Records from a collection:

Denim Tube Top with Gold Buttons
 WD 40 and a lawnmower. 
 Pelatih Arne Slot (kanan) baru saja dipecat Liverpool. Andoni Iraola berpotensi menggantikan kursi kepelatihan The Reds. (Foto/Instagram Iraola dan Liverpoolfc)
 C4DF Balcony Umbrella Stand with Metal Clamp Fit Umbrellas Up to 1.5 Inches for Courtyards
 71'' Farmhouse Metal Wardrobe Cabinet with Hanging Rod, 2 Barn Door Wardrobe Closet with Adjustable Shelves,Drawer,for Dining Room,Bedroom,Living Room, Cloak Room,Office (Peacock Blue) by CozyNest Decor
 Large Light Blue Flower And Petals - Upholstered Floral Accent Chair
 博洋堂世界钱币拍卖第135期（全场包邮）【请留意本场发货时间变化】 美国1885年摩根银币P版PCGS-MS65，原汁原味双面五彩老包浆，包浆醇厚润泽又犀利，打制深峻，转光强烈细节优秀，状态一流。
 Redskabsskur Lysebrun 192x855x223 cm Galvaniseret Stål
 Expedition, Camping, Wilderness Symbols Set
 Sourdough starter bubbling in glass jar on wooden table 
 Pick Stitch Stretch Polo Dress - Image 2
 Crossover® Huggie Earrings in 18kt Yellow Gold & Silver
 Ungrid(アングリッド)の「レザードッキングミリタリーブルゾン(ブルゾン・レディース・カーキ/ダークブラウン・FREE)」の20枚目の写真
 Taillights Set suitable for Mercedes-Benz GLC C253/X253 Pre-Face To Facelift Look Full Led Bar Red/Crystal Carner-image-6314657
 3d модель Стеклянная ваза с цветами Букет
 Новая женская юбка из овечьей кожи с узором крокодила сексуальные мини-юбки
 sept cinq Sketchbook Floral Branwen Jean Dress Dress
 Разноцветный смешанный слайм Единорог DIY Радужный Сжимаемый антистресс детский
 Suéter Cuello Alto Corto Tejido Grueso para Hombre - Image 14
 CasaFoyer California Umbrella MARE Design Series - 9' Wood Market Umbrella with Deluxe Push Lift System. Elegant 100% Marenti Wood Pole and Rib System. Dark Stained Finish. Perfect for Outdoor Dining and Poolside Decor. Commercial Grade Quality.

• **BRIEF**
May I have the entries returned exactly, with every line in place?

• **RESPONSE**
Denim Tube Top with Gold Buttons
 WD 40 and a lawnmower. 
 Pelatih Arne Slot (kanan) baru saja dipecat Liverpool. Andoni Iraola berpotensi menggantikan kursi kepelatihan The Reds. (Foto/Instagram Iraola dan Liverpoolfc)
 C4DF Balcony Umbrella Stand with Metal Clamp Fit Umbrellas Up to 1.5 Inches for Courtyards
 71'' Farmhouse Metal Wardrobe Cabinet with Hanging Rod, 2 Barn Door Wardrobe Closet with Adjustable Shelves,Drawer,for Dining Room,Bedroom,Living Room, Cloak Room,Office (Peacock Blue) by CozyNest Decor
 Large Light Blue Flower And Petals - Upholstered Floral Accent Chair
 博洋堂世界钱币拍卖第135期（全场包邮）【请留意本场发货时间变化】 美国1885年摩根银币P版PCGS-MS65，原汁原味双面五彩老包浆，包浆醇厚润泽又犀利，打制深峻，转光强烈细节优秀，状态一流。
 Redskabsskur Lysebrun 192x855x223 cm Galvaniseret Stål
 Expedition, Camping, Wilderness Symbols Set
 Sourdough starter bubbling in glass jar on wooden table 
 Pick Stitch Stretch Polo Dress - Image 2
 Crossover® Huggie Earrings in 18kt Yellow Gold & Silver
 Ungrid(アングリッド)の「レザードッキングミリタリーブルゾン(ブルゾン・レディース・カーキ/ダークブラウン・FREE)」の20枚目の写真
 Taillights Set suitable for Mercedes-Benz GLC C253/X253 Pre-Face To Facelift Look Full Led Bar Red/Crystal Carner-image-6314657
 3d модель Стеклянная ваза с цветами Букет
 Новая женская юбка из овечьей кожи с узором крокодила сексуальные мини-юбки
 sept cinq Sketchbook Floral Branwen Jean Dress Dress
 Разноцветный смешанный слайм Единорог DIY Радужный Сжимаемый антистресс детский
 Suéter Cuello Alto Corto Tejido Grueso para Hombre - Image 14
 CasaFoyer California Umbrella MARE Design Series - 9' Wood Market Umbrella with Deluxe Push Lift System. Elegant 100% Marenti Wood Pole and Rib System. Dark Stained Finish. Perfect for Outdoor Dining and Poolside Decor. Commercial Grade Quality.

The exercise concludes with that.